Learn to develop the mind that’s like earth. Learn to develop the mind that’s like fire—not in the sense of burning you up, but in the sense of being willing to burn anything, likable or not. That’s its natural duty. Think of the meditation as your natural duty. You’re here in this body. This body is causing suffering for a lot of other beings, because in order to keep it alive you’ve got to feed it, you’ve got to clothe it, you’ve got to provide it shelter. Look at all the work that goes into providing shelter. We’ve been building these huts now for two years and they’re still not done. For this body to stay alive it’s depending on the suffering of other people, other beings. When you put this body aside, you’re going to get another one, and regardless of what kind of body it is, it’s going to be the same process over and over again. There is, however, a path out of this process. It yields the highest happiness for you and doesn’t impose anything on anybody else. The meditation is that path. So think of that as a duty. Whatever is required, you do it, without letting your preferences get in the way.
Each of the four noble truths has its own specific duty, is based on the preference not to suffer. You definitely do want to work toward the end of suffering. You do prefer that. That’s a legitimate preference. The question is, what’s required to get there? When you’ve learned the requirements, you do whatever is needed to be done—even when you’ve completed the task.

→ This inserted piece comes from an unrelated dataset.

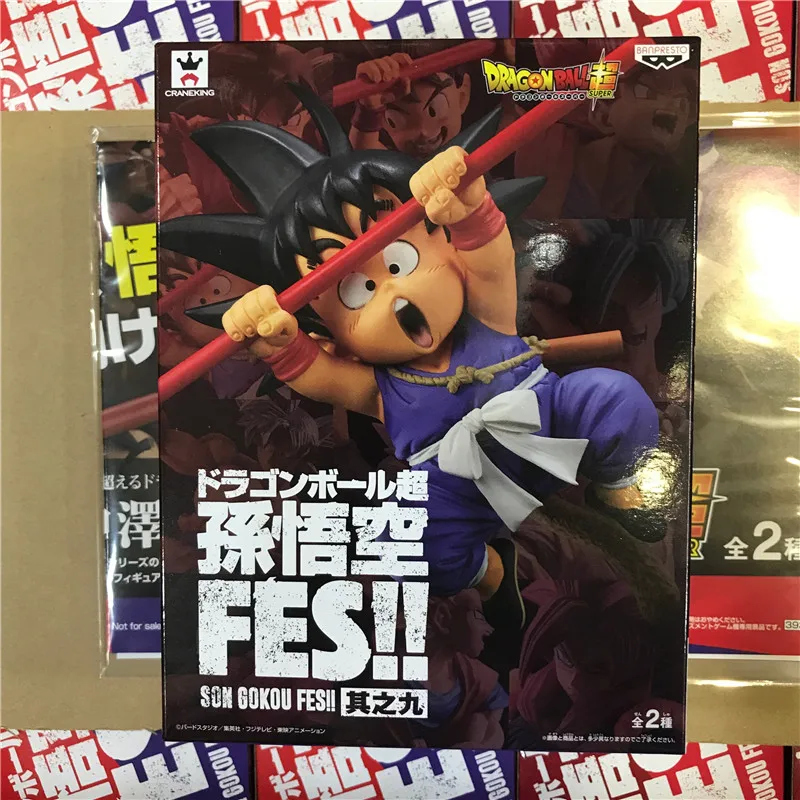 Оригинальный Banpresto dragon ball super Son Goku young Gokou FES ПВХ фигурка модель фигурки куклы Brinquedos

Look at the Buddha. Even after his Awakening, he spent 45 years establishing the teaching, the Dhamma and the Vinaya. It took a lot of work. And he didn’t do it with an apathetic attitude, thinking, “I don’t care whether it works or not.” He put a lot of effort into making it a teaching that would last. He noticed that some people would take the teaching and use it to good purpose, but he didn’t let himself get elated about that. There were people who listened but then didn’t really put it to any good use. He knew how not to get depressed about that. He had established mindfulness in such a way that he did what needed to be done. Of course, he preferred to do a good job of teaching. But as for the results that came, how other people took the teaching, that’s where he developed the mind that was like earth, water, fire, and wind. He did his best, but as for how other people would take what he did, he learned how to put that aside.
So apathy has no place in the teaching. You need to have preferences. You do want to put an end to suffering. You have to see that preference as so important that you’re willing to put all of your other preferences—and especially your preference for apathy—aside.